Subramani has gotten offspring, and Karthik is given one of the puppies. The movie ends with a scene where Karthik and his new dog, who has been named Chinnamani in Subramani's memory, are being entrusted with investigating a new case.

== Production ==
After Naanayam, Sibi Sathyaraj was on the lookout for a script for his next film. Since nothing interesting turned up, he took a brief hiatus, still reading scripts. Sibiraj is a dog-lover and has 3 dogs. So, he expressed his eagerness in working with animals in a film. Director Shakti S. Rajan, who had earlier directed Sibiraj in Naanayam, came up with a script with a dog in the lead. The film was formally announced in July 2013, with a military trained canine described as the main character. Apart from playing the hero, the dog would also do several action sequences and comedy tracks in the film. Arundhati of Sundaattam fame was signed as the female lead. The crew was on the lookout for a trained dog, preferably a German Shepherd. After a search, they found a dog from Bangalore. Filming began on 9 October 2013. The story takes place in Coimbatore, and travels to Ooty, Palakkad and Chennai.

== Soundtrack ==

The soundtrack album was composed by Dharan Kumar while the lyrics were written by Yugabharathi and Madhan Karky. A single track "Doggy Style" was released on 27 August 2014. The album was launched in Chennai on 1 September 2014.

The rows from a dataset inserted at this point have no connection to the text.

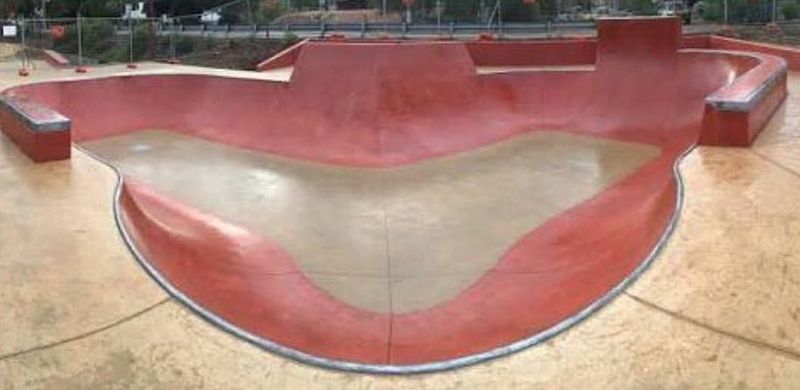 Toodyay Skatepark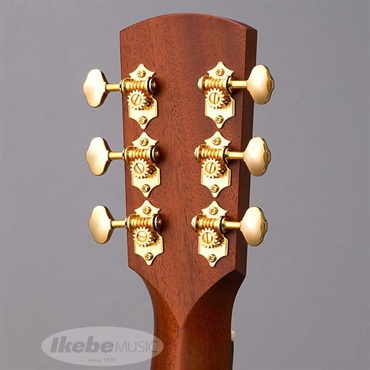 K.Yairi COMPACT GUITAR Nocturne Standard Kヤイリ 画像5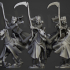 Spectral Cavalry Unit - Highlands Miniatures image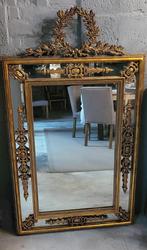 Spiegel stijl Louis XVI., Antiek en Kunst, Antiek | Spiegels, Ophalen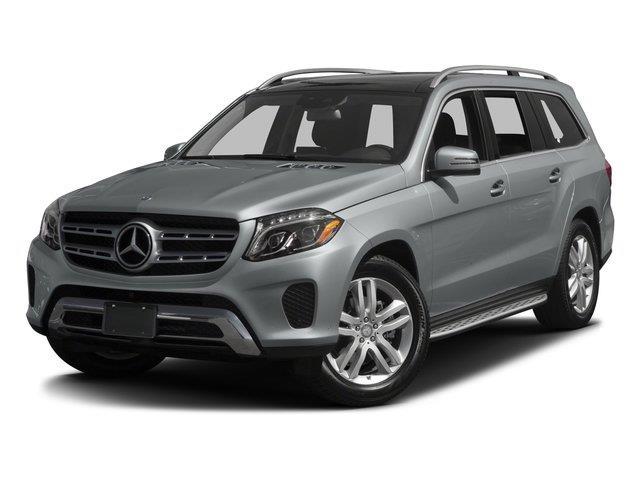 2017 mercedes-benz gls gls 450 awd gls 450 4matic 4dr suv for sale in honolulu, hawaii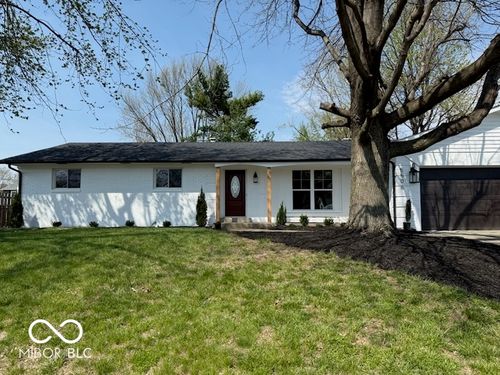 5506 Hollister Dr, Speedway, IN, 46224-3322 | Card Image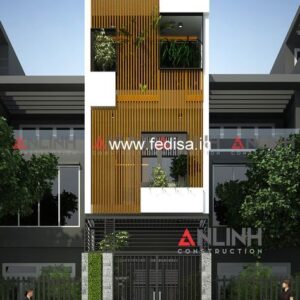 House front design new house design duplex house design Model No - 0608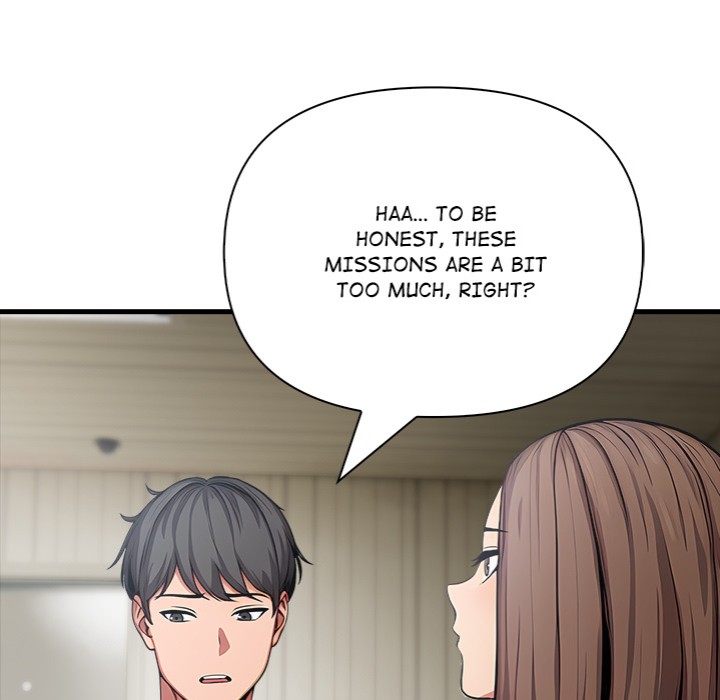 Living With a Girl I Just Met - Chapter 15 [photo 115] - MangaPorn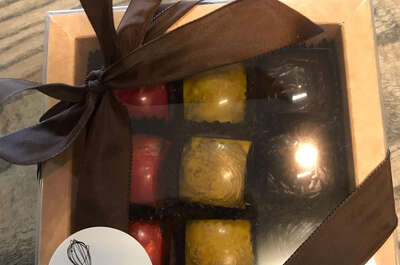 Pâtisserie Dorville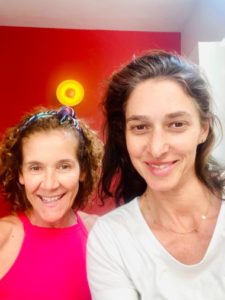 Read more about the article PILATES FLOW ET DANSE HIIT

Karthik of Milliblog stated "Dharan hasn’t been in the best of forms recently and Naaigal Jaakirathai’s soundtrack is no exception." Behindframes gave 3 out of 5 and stated "Cool, peppy and enjoyable tracks by Dharan."

| No. | Title | Lyrics | Singer(s) | Length |
|---|---|---|---|---|
| 1. | "Doggy Style" | Madhan Karky | Gana Bala | 3:24 |
| 2. | "En Nenjil" | Madhan Karky | Naresh Iyer | 4:58 |
| 3. | "Oyaathe" | Yugabharathi | Haricharan, Dharan Kumar | 3:55 |
| 4. | "Man's Best Friend" (Theme Music) | — | Instrumental | 2:42 |
| 5. | "Doggy Style" (Club Mix) | Madhan Karky | Gana Bala | 3:37 |
| Total length: |  |  |  | 18:39 |

== Reception ==

===Critical reception===
The Times of India gave the film 3.5 stars out of 5 and wrote, "Naaigal Jaakirathais success lies in how cannily Soundar Rajan gives us a thriller that also feels light. But there is a bit of spoon-feeding in the form of exposition that is necessary but sticks out on screen because of how it is presented". Rediff gave 2.5 stars out of 5 and wrote, "Whatever its faults, director Shakti Soundar Rajan's Naaigal Jaakirathai is a decent fun-filled entertainer". The New Indian Express wrote, "The uncomplicated tale of a man and his dog may have its glitches. But it’s refreshing in its premise and has many charming moments".

The Hindu wrote, "You wouldn’t perhaps begrudge the makers their ‘influences’ if the result was a film we generally don't see a lot of, but Naaigal reneges on the promise of its first portions". Sify stated "Naaigal Jaakirathai is a film where the idea sounds good but falls short in execution. Shakti Soundar Rajan’s idea of making an investigation thriller along with the fun elements of a dog is laudable but what lacks in the film is detailing of characters".

===Box office===
On 8 December 2014, trade analyst Sreedhar Pillai reported that the film, made on a budget of ₹ 4 crores, had grossed ₹ 7.25 crores to that point.

==Sequel==
After the film became a commercial success, Shakti Soundar Rajan informed that he had plans to make a sequel to Naaigal Jaakirathai. It might feature Sibiraj and the dog, as well as the lead characters from the first part, and is scheduled to commence in 2020.